Россия и современный мир №1 / 2017 - страница 2
Несмотря на стремление казаться «сильным», многие видели в Керенском скорее стремление «покрасоваться», «женское» тщеславие, жеманство и склонность к истерике [6, с. 394–399]. Известные слухи о переодеваниях Керенского в женское платье при бегстве от заслуженного возмездия – закономерное развитие образа «сфальшивившего» лидера.

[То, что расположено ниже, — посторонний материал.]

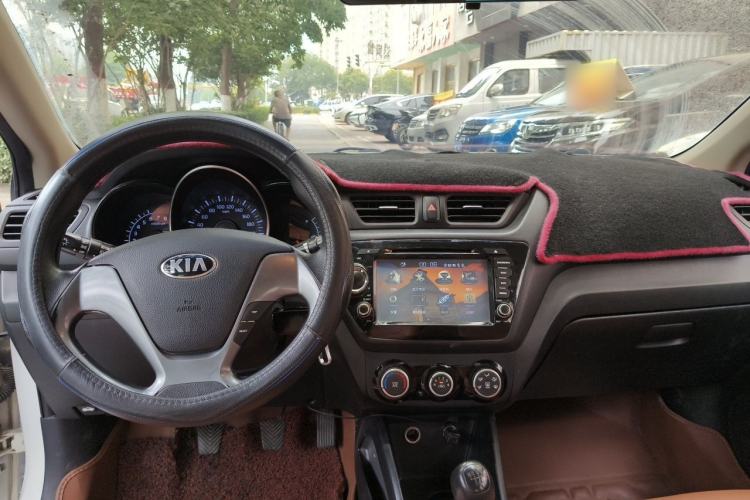 Used Kia K2 2015 Sedan 1.4L MT GLS Center Console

Тем не менее фигур масштаба и дарований Керенского среди социалистов не было. Эсеровский лидер В.М. Чернов столь восторженных эмоций ни у кого не вызывал. Скорее наоборот. Так, к примеру, описывалось его поведение на Демократическом совещании в авторитетной социалистической газете: «Несмотря на седую шевелюру, у него цветущее, бодрое, румяно здоровое лицо, окаймленное острой бородкой… Это самый говорливый из всех ораторов. С необычайным количеством словесного сахара. С пряной вычурностью… Вместо аграрного вопроса… получается очень крепкий ликер из деревенского большевизма и розового варенья… Полемист он плохой. Замечания, брошенные сверху… рождали в нем растерянность» [13]. В Чернове не видели силы, но уловили стремление использовать действия других ради торжества своей доктрины. «“Не бойтесь чрезмерно политических чрезмерностей Ленина”, – таково одно из ставших знаменитым изречение Чернова», – уверял очевидец3. «Чернов слишком склонен к неразборчивой в средствах демагогии», – такова еще одна из его характеристик4. «Чернов способен на всякое предательство», – записывала З. Гиппиус в конце декабря 1917 г. [9, с. 39].

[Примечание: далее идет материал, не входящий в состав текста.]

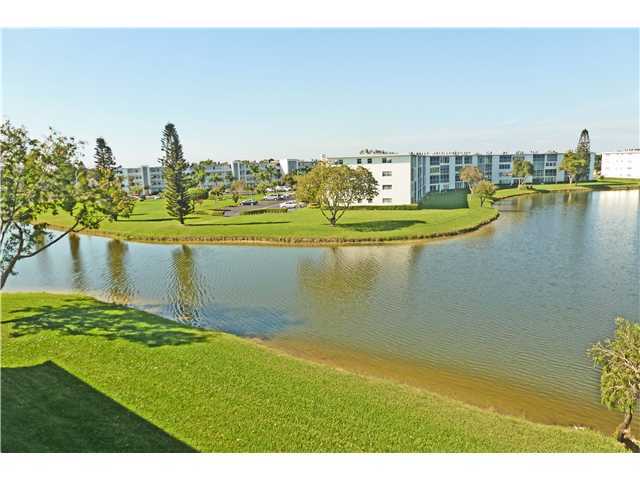 4034 Wolverton East, Unit 4034 Boca Raton, FL 33434 - Photo 1 of 16 Primary Photo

Некоторые усматривали нечто мефистофельское в самой внешности Чернова [27, с. 132]. Здесь, похоже, сказывался избыток воображения контрразведчика. Впрочем, для менее подозрительных людей, Чернов был «шутник, приятный человек» [41, с. 133]. Независимо от справедливости подобных характеристик, само наличие столь противоречивых характеристик свидетельствовало, что Чернов – сомнительная фигура тогдашнего политического ландшафта.
Фактически Чернов был авторитетен скорее своими литературными трудами внутри своей – пусть самой многочисленной – эсеровской партии (ухитряясь при этом интриговать против другого виднейшего ее члена – Керенского). Слишком многие люди самых разных политических склонностей относились к Чернову с подозрением. В отличие от Керенского он ухитрялся раздавать реверансы налево – иной раз даже Ленину. Злословили, что Чернов «с прибауточками и стишками», с особой, порой «плотоядной, ужимочкой стремится всучить лежалый товар» [8, с. 300]. Он был многословен, но отнюдь не обладал ораторским темпераментом. Казалось, что этот политик попросту ждал, когда волна крестьянской революции вознесет его и его партию на вершину власти. Вероятно, ему также казалось, что «углубление революции» будет происходить в соответствии с принципами формальной демократии. В общем, как типичный человек революционного подполья, он не понимал ни природы открытой политической борьбы, ни законов крестьянского вождизма, ни азов харизматического лидерства вообще. В сущности, он провалился на посту министра земледелия, так и не поняв, до какой степени подвел этим «свою» партию [6, с. 399–401]. А в «бесконечной» речи Чернова на открытии Учредительного собрания некоторые увидели «бездарную перефразировку большевицкой программы» [10, с. 79].
Революция не прощает тех, кто бездарно претендует на роль ее лидера. Не случайно во время июльских событий в Петрограде разбушевавшаяся толпа сначала требовала, чтобы Чернов «принял власть», а затем арестовала. Склонность к лицедейству спасает лишь на время. Чернова невозможно было представить во главе победившей революции – символично, что в июле 1917 г. его «спас» от толпы не кто-нибудь из «своих», а Л.Д. Троцкий [38, с. 384; 34, с. 203–205].